Task item
Using the records below, write out again exactly the lines that begin at the line containing "Lot 74-12705095 - RAIN" and end at the line containing "Frosty Baby Strampler", and no other lines.

─── Entries provided

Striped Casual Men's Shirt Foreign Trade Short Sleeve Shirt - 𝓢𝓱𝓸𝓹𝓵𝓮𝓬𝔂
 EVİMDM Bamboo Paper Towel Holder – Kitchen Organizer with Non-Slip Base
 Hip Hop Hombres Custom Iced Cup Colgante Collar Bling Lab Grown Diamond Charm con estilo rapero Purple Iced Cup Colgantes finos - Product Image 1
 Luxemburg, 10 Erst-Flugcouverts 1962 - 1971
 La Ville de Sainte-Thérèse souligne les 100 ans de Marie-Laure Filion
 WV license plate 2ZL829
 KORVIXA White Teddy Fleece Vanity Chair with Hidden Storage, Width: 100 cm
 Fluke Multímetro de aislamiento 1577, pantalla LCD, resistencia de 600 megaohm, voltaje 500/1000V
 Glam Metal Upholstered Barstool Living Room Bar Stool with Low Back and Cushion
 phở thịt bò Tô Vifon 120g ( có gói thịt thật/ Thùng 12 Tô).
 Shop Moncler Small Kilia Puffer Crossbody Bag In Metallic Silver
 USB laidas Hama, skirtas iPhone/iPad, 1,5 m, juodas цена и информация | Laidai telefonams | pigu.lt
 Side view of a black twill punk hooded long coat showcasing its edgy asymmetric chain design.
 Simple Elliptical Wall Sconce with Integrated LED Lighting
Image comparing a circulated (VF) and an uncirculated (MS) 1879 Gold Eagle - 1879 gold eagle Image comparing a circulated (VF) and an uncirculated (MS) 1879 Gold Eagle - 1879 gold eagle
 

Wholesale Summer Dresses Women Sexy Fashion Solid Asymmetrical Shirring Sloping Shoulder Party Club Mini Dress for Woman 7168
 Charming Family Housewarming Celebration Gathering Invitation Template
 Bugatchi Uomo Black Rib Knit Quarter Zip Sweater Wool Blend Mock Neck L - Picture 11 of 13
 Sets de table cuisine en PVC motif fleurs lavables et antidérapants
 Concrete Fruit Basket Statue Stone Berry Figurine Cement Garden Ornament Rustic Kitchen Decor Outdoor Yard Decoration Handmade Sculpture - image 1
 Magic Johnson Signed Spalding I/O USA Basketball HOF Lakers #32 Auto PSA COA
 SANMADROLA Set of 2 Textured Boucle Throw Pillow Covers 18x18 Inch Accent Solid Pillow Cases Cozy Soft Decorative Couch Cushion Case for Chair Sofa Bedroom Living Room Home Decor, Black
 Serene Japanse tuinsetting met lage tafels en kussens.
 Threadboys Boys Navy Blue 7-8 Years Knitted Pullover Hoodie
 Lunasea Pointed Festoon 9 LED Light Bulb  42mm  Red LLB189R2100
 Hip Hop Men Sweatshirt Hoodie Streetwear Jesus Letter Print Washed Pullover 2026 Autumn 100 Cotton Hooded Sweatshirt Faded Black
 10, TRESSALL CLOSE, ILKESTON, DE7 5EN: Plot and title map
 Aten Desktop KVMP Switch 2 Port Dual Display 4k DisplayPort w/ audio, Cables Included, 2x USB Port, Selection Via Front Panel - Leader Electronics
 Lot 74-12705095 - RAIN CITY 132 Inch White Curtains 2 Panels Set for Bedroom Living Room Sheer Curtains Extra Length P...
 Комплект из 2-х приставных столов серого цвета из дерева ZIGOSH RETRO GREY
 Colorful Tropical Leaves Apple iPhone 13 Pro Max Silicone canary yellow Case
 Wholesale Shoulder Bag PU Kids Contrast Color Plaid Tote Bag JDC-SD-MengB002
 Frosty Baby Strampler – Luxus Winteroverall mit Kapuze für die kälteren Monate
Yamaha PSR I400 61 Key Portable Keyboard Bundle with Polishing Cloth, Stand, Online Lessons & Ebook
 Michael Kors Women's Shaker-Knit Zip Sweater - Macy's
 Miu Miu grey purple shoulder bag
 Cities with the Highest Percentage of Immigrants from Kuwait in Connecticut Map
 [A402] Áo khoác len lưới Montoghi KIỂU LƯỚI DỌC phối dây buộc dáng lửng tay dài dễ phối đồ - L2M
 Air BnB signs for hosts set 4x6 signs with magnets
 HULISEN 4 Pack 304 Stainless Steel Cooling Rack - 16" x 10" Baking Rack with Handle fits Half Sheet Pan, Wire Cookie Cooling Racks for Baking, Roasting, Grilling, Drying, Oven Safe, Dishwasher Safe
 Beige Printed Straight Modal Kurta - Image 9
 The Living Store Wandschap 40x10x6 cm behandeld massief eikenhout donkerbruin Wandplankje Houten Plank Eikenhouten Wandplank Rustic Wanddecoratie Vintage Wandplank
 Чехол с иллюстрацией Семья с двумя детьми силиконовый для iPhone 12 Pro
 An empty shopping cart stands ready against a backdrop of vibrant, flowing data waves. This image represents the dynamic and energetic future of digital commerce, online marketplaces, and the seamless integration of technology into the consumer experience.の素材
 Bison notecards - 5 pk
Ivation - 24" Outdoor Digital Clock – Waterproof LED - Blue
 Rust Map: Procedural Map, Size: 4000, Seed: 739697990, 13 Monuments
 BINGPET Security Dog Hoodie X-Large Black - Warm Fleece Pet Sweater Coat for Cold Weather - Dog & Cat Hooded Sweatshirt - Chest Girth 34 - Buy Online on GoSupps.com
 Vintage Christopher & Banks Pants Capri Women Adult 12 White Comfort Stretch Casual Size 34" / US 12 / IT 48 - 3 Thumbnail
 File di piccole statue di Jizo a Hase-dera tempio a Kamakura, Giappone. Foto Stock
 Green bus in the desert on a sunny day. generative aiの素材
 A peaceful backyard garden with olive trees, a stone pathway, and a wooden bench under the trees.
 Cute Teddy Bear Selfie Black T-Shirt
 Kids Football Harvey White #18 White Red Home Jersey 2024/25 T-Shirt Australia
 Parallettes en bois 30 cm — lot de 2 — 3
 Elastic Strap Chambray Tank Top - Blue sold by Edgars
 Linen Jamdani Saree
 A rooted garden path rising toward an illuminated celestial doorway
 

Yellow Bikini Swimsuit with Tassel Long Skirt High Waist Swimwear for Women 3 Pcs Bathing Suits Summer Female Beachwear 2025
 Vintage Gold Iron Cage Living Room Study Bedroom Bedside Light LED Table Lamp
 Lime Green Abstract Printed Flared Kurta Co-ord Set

──────

Output for this task
 Lot 74-12705095 - RAIN CITY 132 Inch White Curtains 2 Panels Set for Bedroom Living Room Sheer Curtains Extra Length P...
 Комплект из 2-х приставных столов серого цвета из дерева ZIGOSH RETRO GREY
 Colorful Tropical Leaves Apple iPhone 13 Pro Max Silicone canary yellow Case
 Wholesale Shoulder Bag PU Kids Contrast Color Plaid Tote Bag JDC-SD-MengB002
 Frosty Baby Strampler – Luxus Winteroverall mit Kapuze für die kälteren Monate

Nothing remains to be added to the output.